Introduction

dbt is a transformation workflow that helps you get more work done while producing higher quality results. You can use dbt to modularize and centralize your analytics code, while also providing your data team with guardrails typically found in software engineering workflows. Collaborate on data models, version them, and test and document your queries before safely deploying them to production, with monitoring and visibility.

dbt compiles and runs your analytics code against your data platform, enabling you and your team to collaborate on a single source of truth for metrics, insights, and business definitions. This single source of truth, combined with the ability to define tests for your data, reduces errors when logic changes, and alerts you when issues arise.

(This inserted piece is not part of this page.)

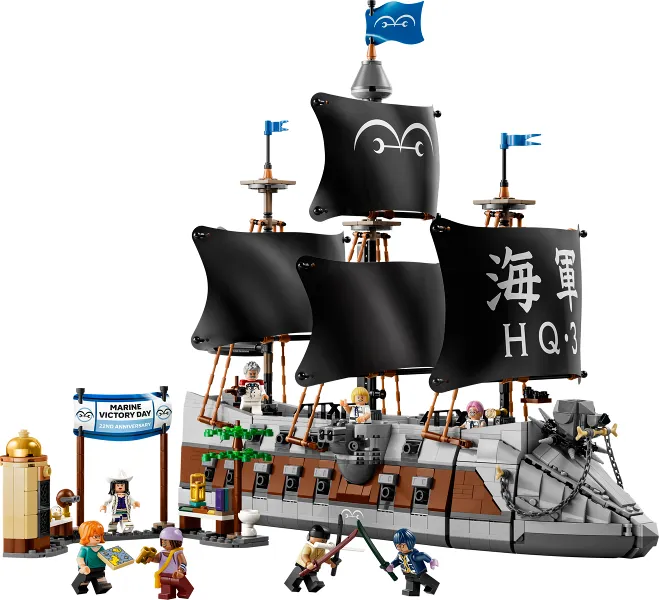 Garp's Marine Battleship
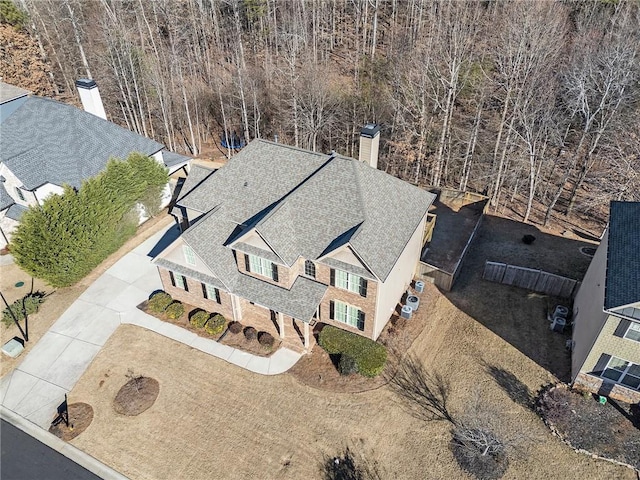 birds eye view of property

As dbt user, your main focus will be on writing models (i.e select queries) that reflect core business logic.


Get started with dbt

The first thing that you need to know is that dbt can be access through dbt Core or dbt Cloud.

  • dbt Cloud

dbt Cloud is the fastest and most reliable way to deploy dbt but also comes with a price if you don’t want to be an unique user.

  • dbt Core

dbt Core is an open-source tool, that we can use to deploy dbt without cost. (Spoiler alert: We’ll choose this way)

Install dbt Core

According to the dbt Core Installation, the recommended for macOS is to use Homebrew to install dbt.

Then we can use it to install dbt by running the following commands:

$ brew update
$ brew install git
$ brew tap dbt-labs/dbt

Now you’re ready to install dbt, I will install a redshift adapter but you can choose whatever you want. Check the list here: dbt-adapters

$ brew install dbt-redshift

To check if you installed dbt-core successfully run the following command:

$ dbt --version

Should you get something quite similar to the following image dbt version image

Start a dbt project

At this time, you had all you need to start a dbt project, to do that run the following command:

$ dbt init

If this is your first time ever using the tool, it will:

  • Ask you to name your project.
  • Ask you which database adapter you’re using (or to Supported Data Platforms).
  • prompt you for each piece of information that dbt needs to connect to that database: account,user, password, etc.

dbt init image

You will get a folder with the name of your project with the following structure:

├── README.md
├── analyses
├── dbt_project.yml
├── macros
├── models
│   └── example
│       ├── my_first_dbt_model.sql
│       ├── my_second_dbt_model.sql
│       └── schema.yml
├── seeds
├── snapshots
└── tests

At this point you have a dbt project locally and can start to test and build models. However, the idea is to try to collaborate with a team.

Docker for dbt

You can use docker to run dbt, as you will read in this link docker for dbt.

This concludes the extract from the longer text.